Sit down with Ward 7 councillor Anthony Perruzza
EVV: Tell us some of your favourite accomplishments from the last year.
AP: We came through a difficult election, and during an election it’s impossible to focus on the lay of the land and neighbourhood-by-neighbourhood type issues. Now that the election is over, I’ve found that a good thing about Ward 7 is that it has several very active ratepayer associations, which in my mind are very good to work with to get neighbourhood development on track. They define the agenda, they set the priorities, they develop the plan, we’re the ones that move it through, and it’s straightforward. So, what we did this summer to get to know Ward 7 was we did some very extensive canvassing. As a result of that, we generated somewhere over 1,500 case files. So, we’re now just doing some clean up.
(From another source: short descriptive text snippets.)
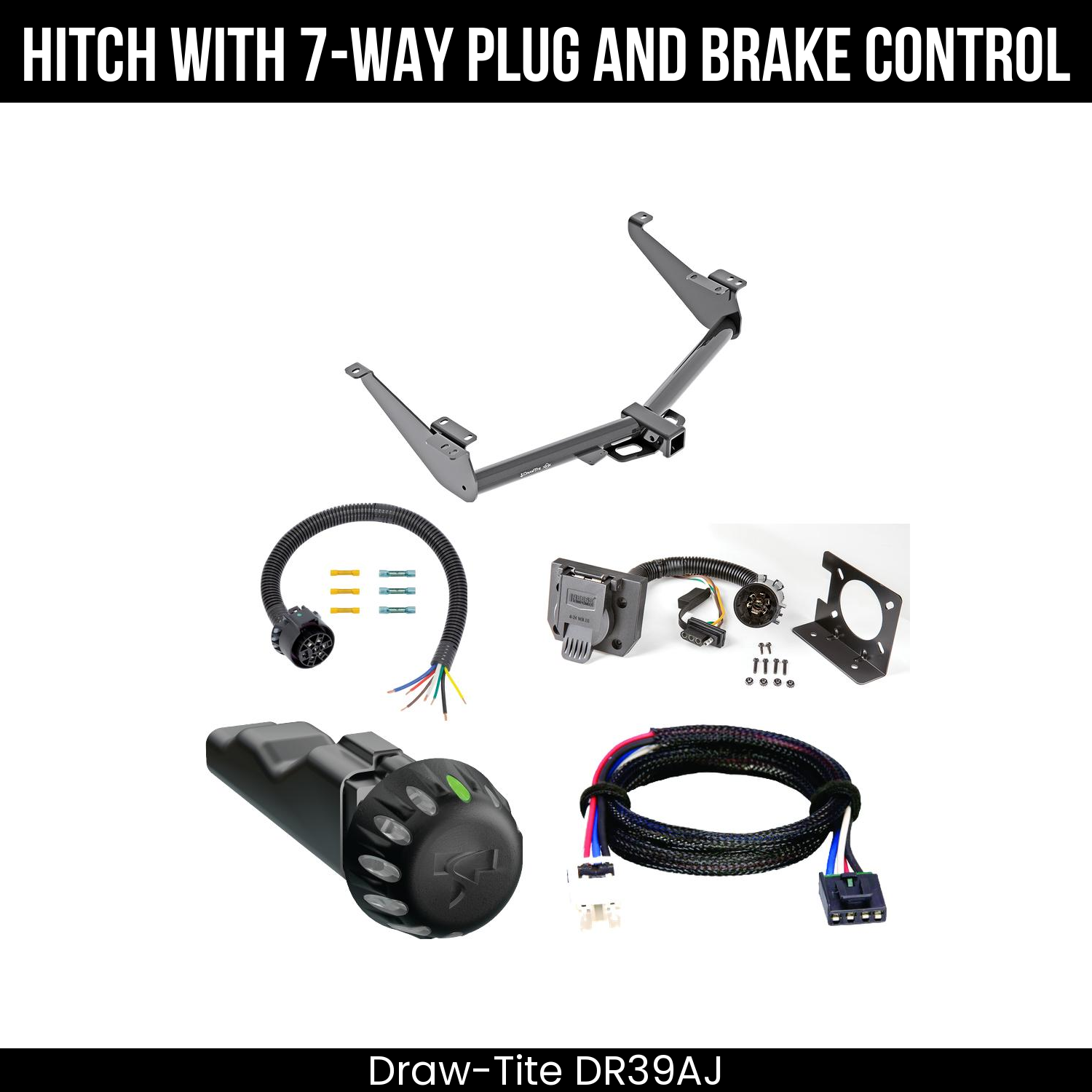 Trailer Hitch , 7-Way , Tekonsha Voyager iD Smart Brake Control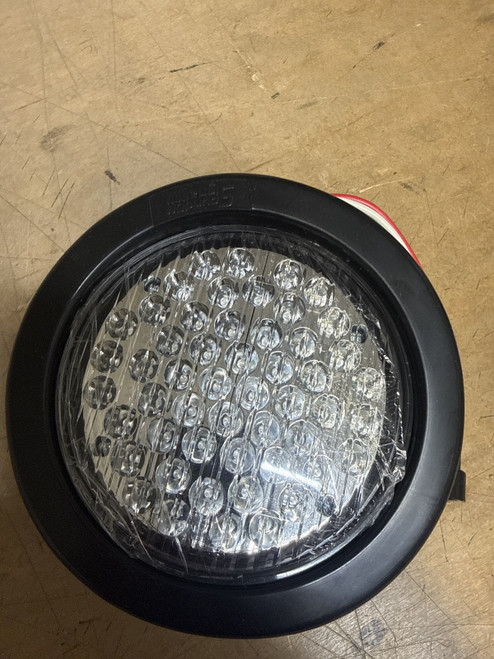 Soundoff Signal ERDREBZA SOUNDOFF SIGNAL R4 SERIES (4" ROUND) GEN 2 LED LIGHT FOR RECESS MOUNT OR FOG LAMP INSTALLATION, C...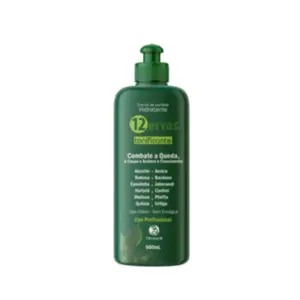 Creme de Pentear Hidratante 12 Ervas Tonificante Trihair 500ml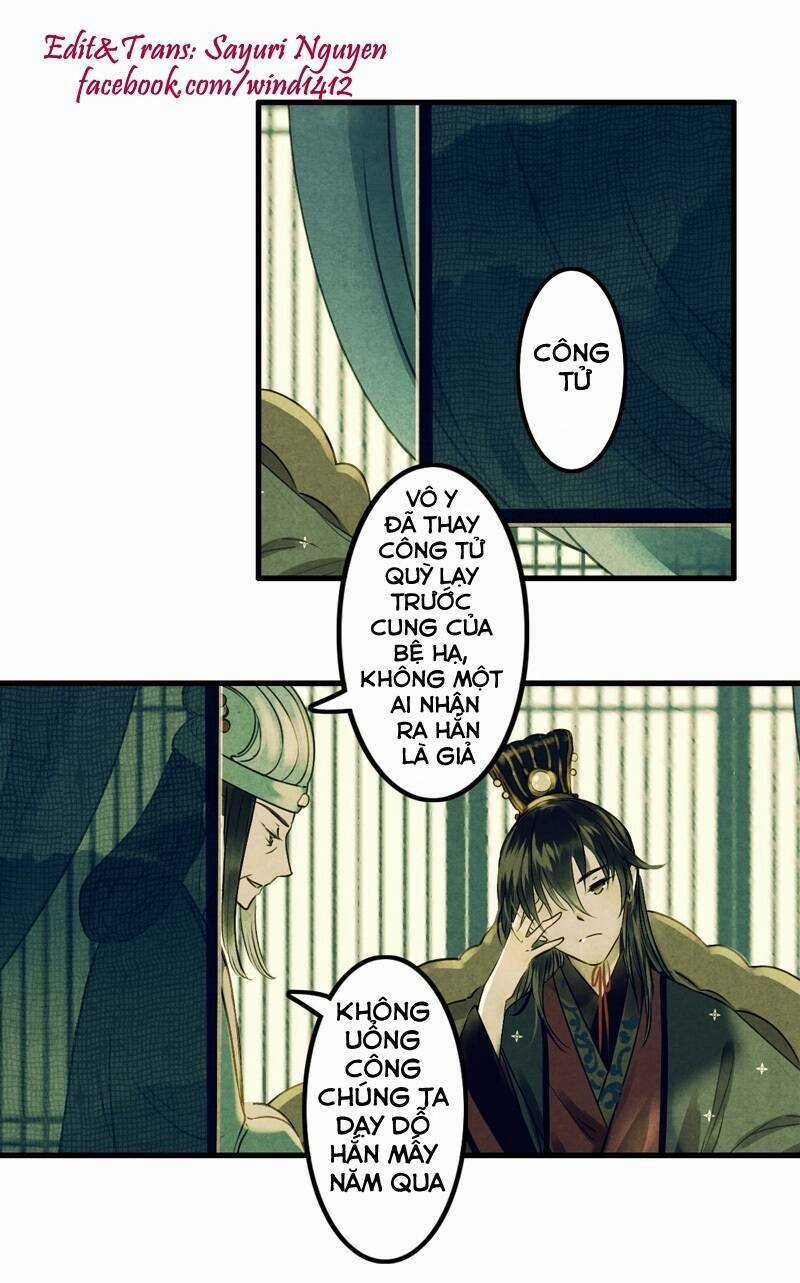 Thiếu Nữ Tản Mộng Đàm - Chapter 38 - Trang 34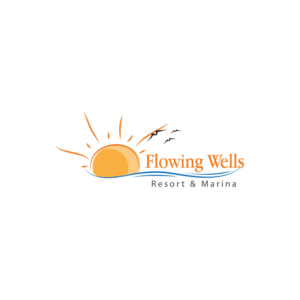 Logo-Design von Probal für Flowing Wells Resort & Marina | Design #21802578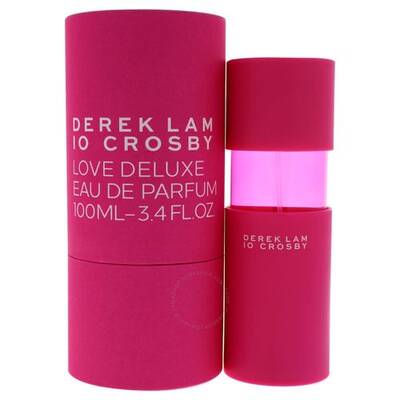 Love Delux Perfume for Women - Eau de Parfum Spray 3.4 oz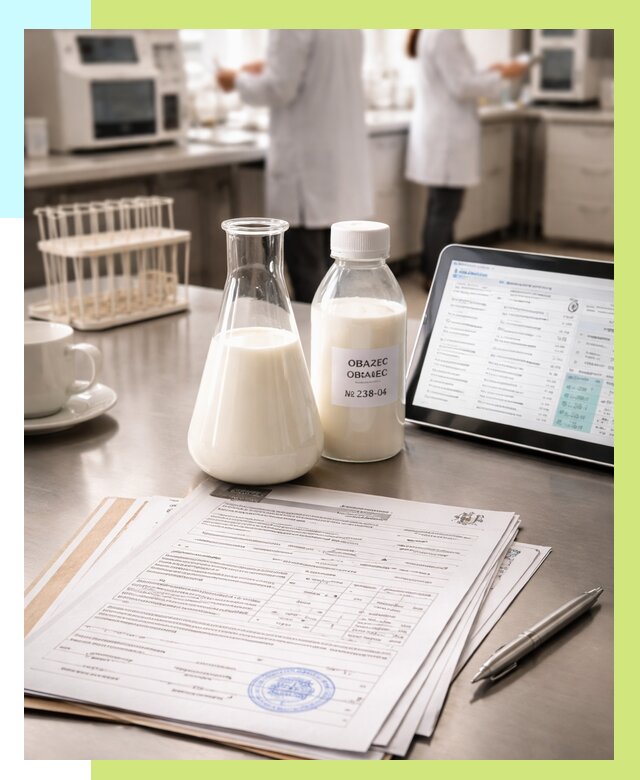 Сертификация молока и продукции в Саяногорске от 12292 р. | Алешин-Снг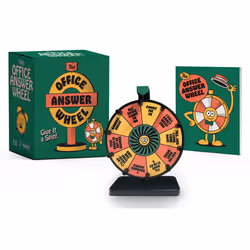 ISBN The Office Answer Wheel, Anglais, Livre broché, 40 pages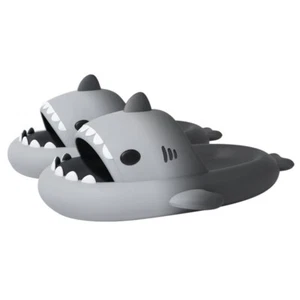 Divertidas Zapatillas Tiburón Luminosas Chanclas Hogar Antideslizantes Zapatos Sandalias Suaves - Imagen 1 de 204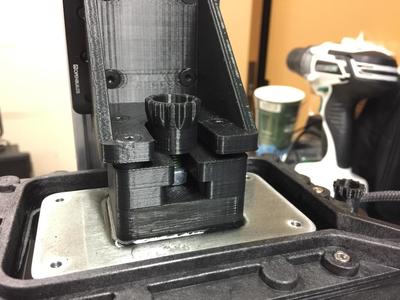 M8 Thumb Nut for Resin Printer Build Plate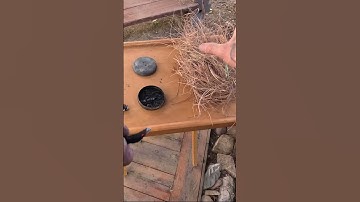 HOW TO MAKE FIRE WITH A BROKEN / EMPTY BIC LIGHTER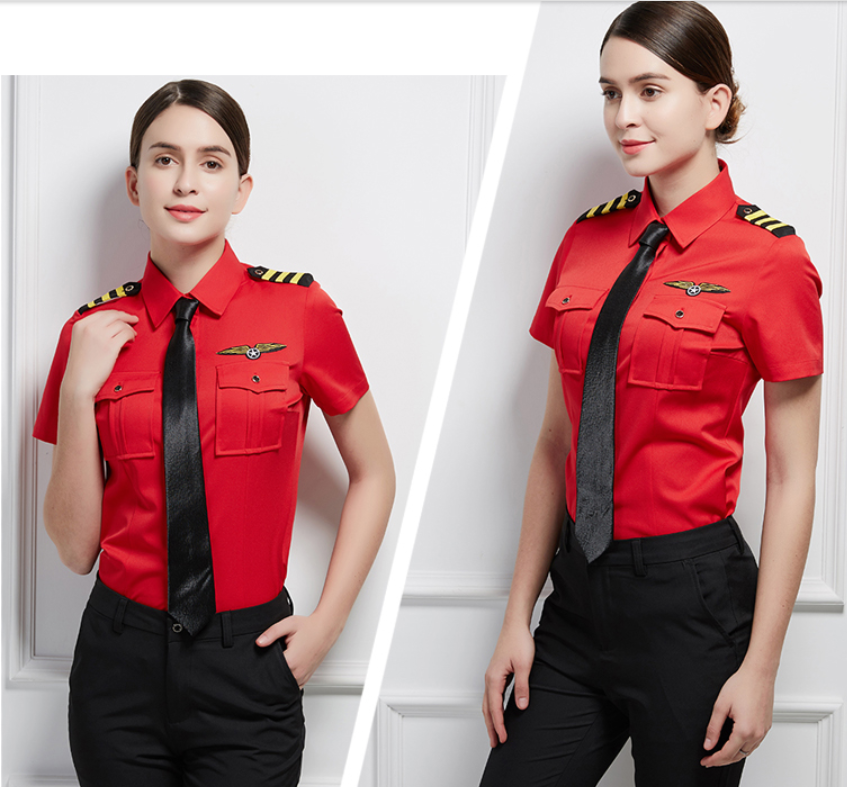 Men Airline Pilot Uniformair Airlines Uniform Airline Stewardess Uniform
Some of those case files were ongoing with the previous Councillor, but a great many of those are now new case files. In the process of cleaning up, the result was that the work generated a lot of information on a neighbourhood-to-neighbourhood basis and we quickly learned what residents feel are the real issues that need tackling.
EVV: So what's coming up?
AP: Cleanliness is percolating to the top of the responses we receive. People complaining about how things are maintained and so on. As a result of that, I’ve been having a series of meetings with all of the different departments from municipal licensing, snow maintenance, and others on developing protocols to find where we can be more efficient in dealing with those types of maintenance requests. It’s the little things we can do that helps everyone out in that regard.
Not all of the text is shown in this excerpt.